Task item
Everything from the line containing "Honey in glass bowl on the table." down to the last line below should be set down exactly, and only that, without the pictures.

Given entries
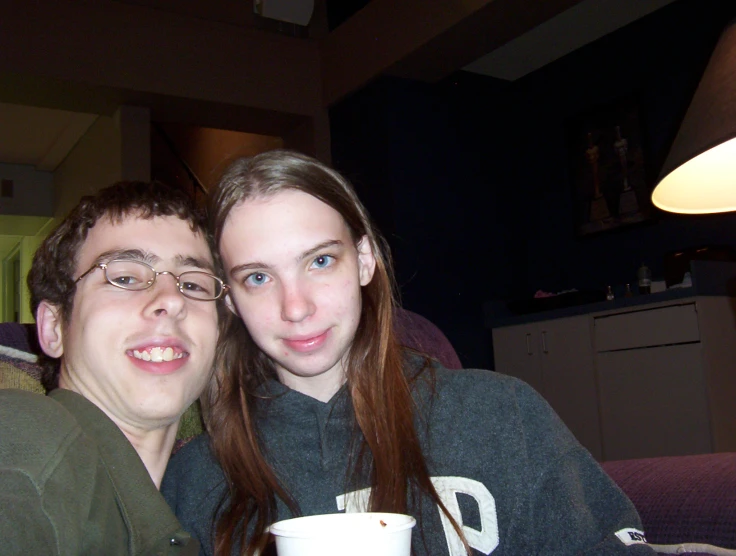 a couple holding a coffee cup smiling at the camera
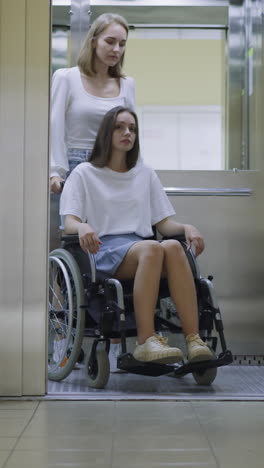 blonde woman pushes sister with disability in wheelchair after door of modern elevator opens. ladies go to therapist appointment in hospital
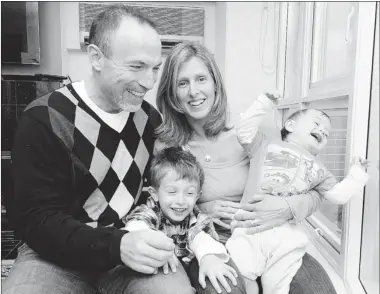  ?? RIC ERNST
POSTMEDIA NEWS FILE PHOTO ?? Ray Ferraro and wife Cammi Granato play with their two sons, then 10-month-old Reese and 3-year-old Riley (now 2 and 5) at their Vancouver home. As a TSN commentato­r, Ferrarro hasn’t seen much of his family in the past two weeks.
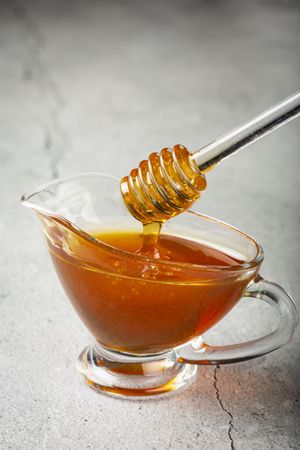 Honey in glass bowl on the table.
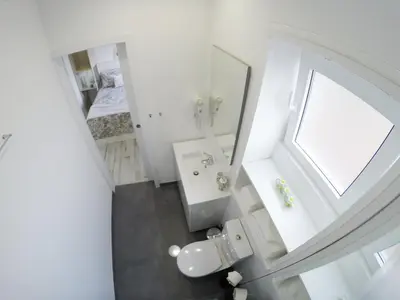 a white bathroom with a sink and a mirror at Casa d'Avó in Porto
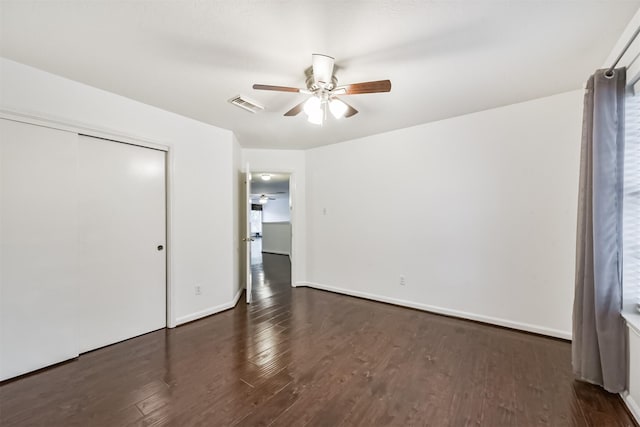 unfurnished bedroom with ceiling fan, visible vents, wood finished floors, baseboards, and a closet
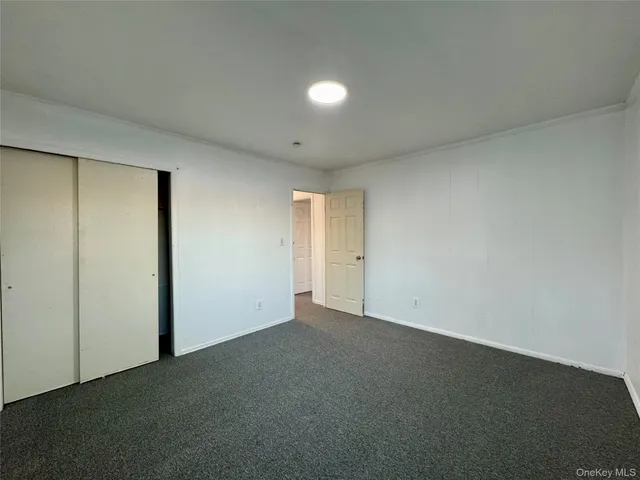 an empty room with a empty space and windows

Written answer
 Honey in glass bowl on the table.
 a white bathroom with a sink and a mirror at Casa d'Avó in Porto
 unfurnished bedroom with ceiling fan, visible vents, wood finished floors, baseboards, and a closet
 an empty room with a empty space and windows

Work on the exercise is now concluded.